** ACTION ITEM **
Please output exactly the lines from the one containing "El alemán Alexader" through the end of the records below, leaving out any pictures.

━━ DATA LISTING ━━

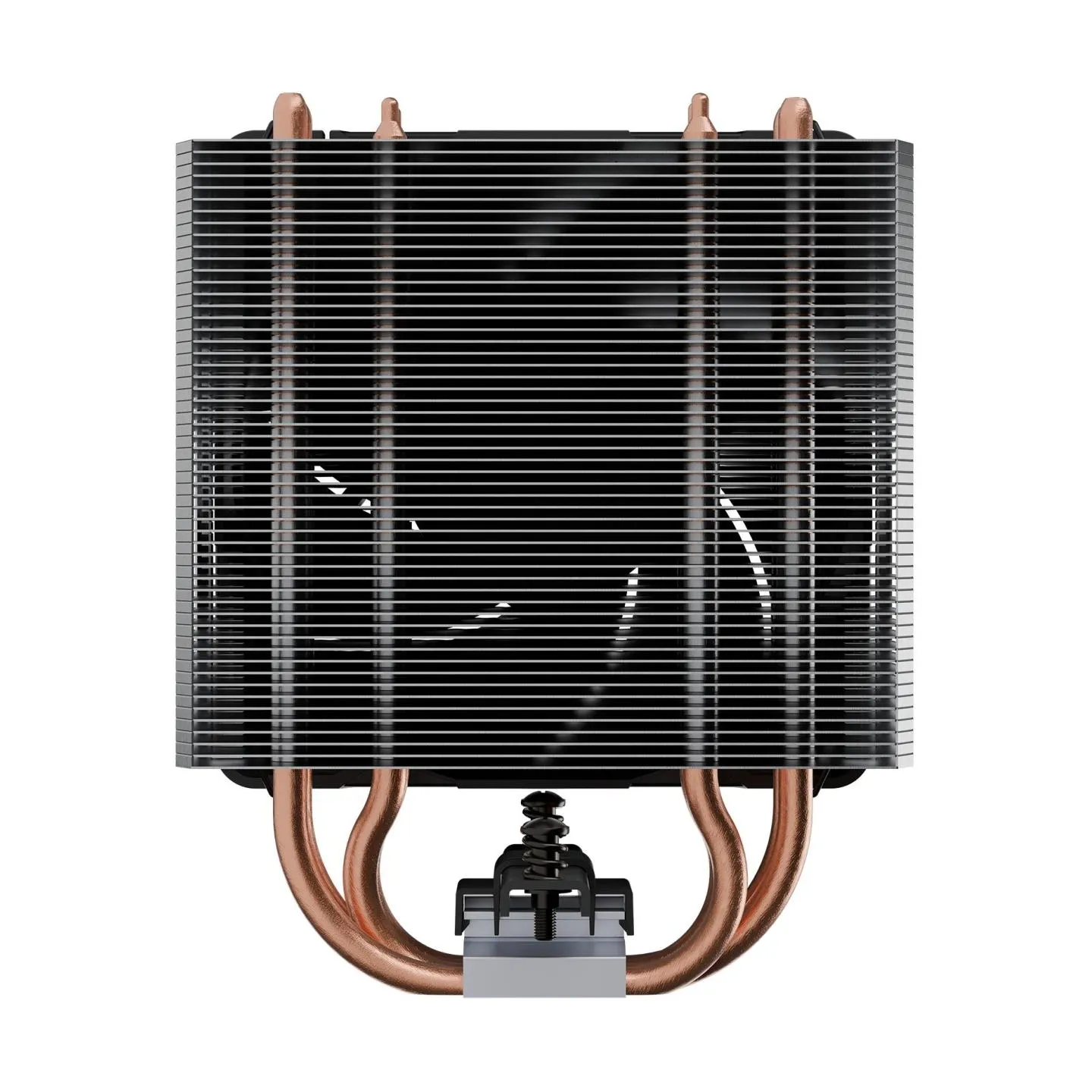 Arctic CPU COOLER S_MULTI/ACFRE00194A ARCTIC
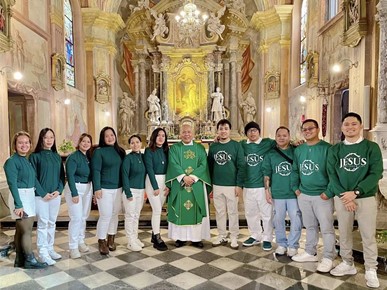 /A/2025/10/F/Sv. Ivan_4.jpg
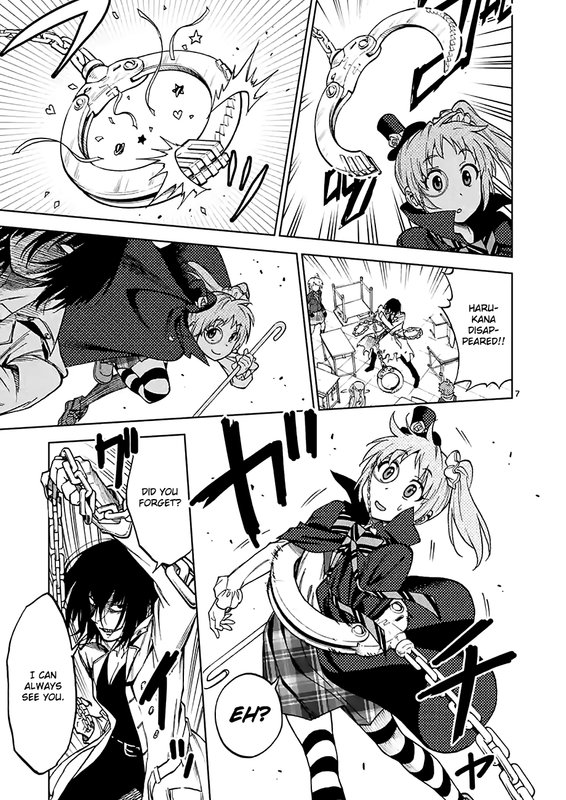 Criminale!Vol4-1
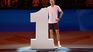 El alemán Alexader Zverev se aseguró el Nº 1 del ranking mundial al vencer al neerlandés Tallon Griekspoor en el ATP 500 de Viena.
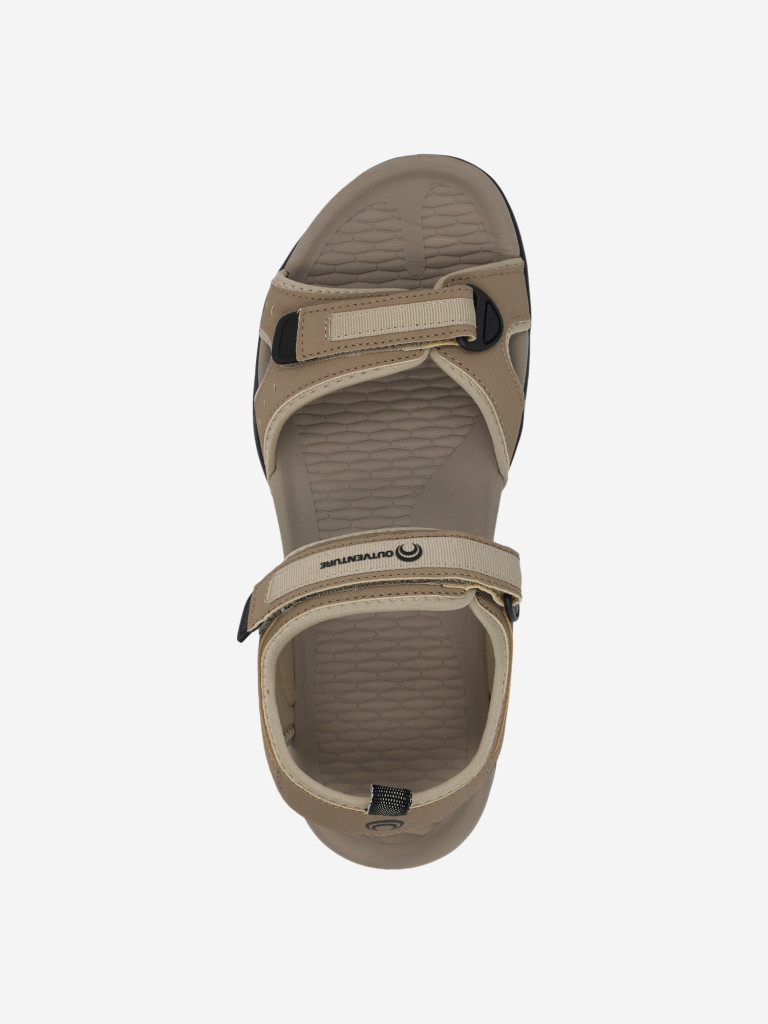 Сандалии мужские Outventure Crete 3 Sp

━━━

** ANSWER FOR THIS EXERCISE **
 El alemán Alexader Zverev se aseguró el Nº 1 del ranking mundial al vencer al neerlandés Tallon Griekspoor en el ATP 500 de Viena.
 Сандалии мужские Outventure Crete 3 Sp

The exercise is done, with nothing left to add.